SPACE PLAN WITH TEN POINTS

  

 In this period when space studies are on the agenda from time to time, it is inevitable for many countries to make long-term plans. While some of these countries publicly share their plans with the world simultaneously, some countries do not pass the information to the world press. Although Turkey has just begun to make new researches in space research, it shared its 10-point space plan with the press on February 9, 2021. In this study, every item announced by the President Recep Tayyip Erdogan is examined in detail.

 10 MISSION
Resim
Turkish Space Agency, 2021

1. Moon Mission 

     The moon mission, which is the first item of the national space program, aims to make a hard impact on the moon on specified dates. It will be the result of the accomplishment of the other items in the program. The task is explained by separating it into two stages. In the first phase, the year 2023 was determined as the main time. On this date, launching will be carried out from the near-earth orbit, and the launching process will be carried out in international cooperation. In 2028, the second stage, the national rocket launch, will take place (Munyar, 2021).

     There are different opinions about the achievability of this goal. According to the President of Turkey Space Agency, Serdar Hüseyin Yıldırım, 2023 is an ambitious history. If the goal were to ship a vehicle that was structured using national resources, it would be hard to do this on the determined date (BBC, 2021). However, as can be understood from the first stage, with the international cooperation, administrative and bureaucratic unity inside the country, strictly planned steps, and enough budget, it is not impossible. 

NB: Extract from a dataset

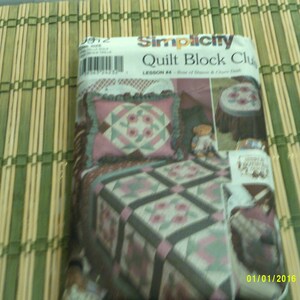 Pode incluir: Um livreto de padrões Simplicity Quilt Block Club com um design de colcha rosa e verde. O livreto é intitulado "Quilt Block Club" e inclui o texto "Lesson #4: Rose of Sharon & Cherry Cake".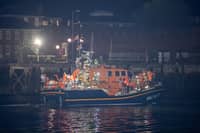 Over 100 illegal migrants aboard two RNLI lifeboats entered Portsmouth Harbour on Sunday evening just after 10pm, heading for Fort Blockhouse in Gosport, Hampshire where teams from the Home Office were there to welcome the migrants. They were then heading to board one of a number of buses waiting for them. They are pictured passing Fort Blockhouse.   Pictureexclusive.com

     The importance of sending vehicles to the moon has increased recently. One of the main reasons for this are that the space tourism plan and space mining will provide a great deal of capital for the countries (D.W., 2021). Although plans to start moon tourism have been made for many years, the determined date these plans will begin to implement has been determined as 2020-2025. Indeed, today many private organizations have determined the ticket prices of this journey. For example, while Blue Origin has set a price of about 200,000 dollars for a 6-man crew trip from West Texas to the moon, Virgin Galactic tickets cost 250,000 dollars (Royal Museums Greenwich, 2021). In addition to this, space mining today is seen as an increasingly developing sector in the world. Space mining has gained importance because there are much more minerals in asteroids than in the world. Moreover, these mines are more sustainable than those in the world. Most researchers think there will be a new gold race in space soon (D.W., 2020). As can be understood, it creates a new era in the global market. Therefore, the first article will be an important step to cooperate internationally and participate and benefit from this competition.

2. Centralization of Satellite Production and Domestic Satellite Development Program

     Turkey is a country that has been closely involved with the production of satellites for many years. Satellites for observation, communication, meteorology, and scientific study are already available. However, since the companies producing satellites are independent of each other, it is planned to establish a new institution covering each institution to make the production more serial and harmonize each project. As mentioned by the Serdar Hüseyin Yıldırım, Turkey does not have enough technology to produce many systems. As a result of this, Parts of many structures, including parts of satellites, are imported from abroad (BBC, 2021). At this point, this plan is essential to ensure coordination within the country and to sign national studies.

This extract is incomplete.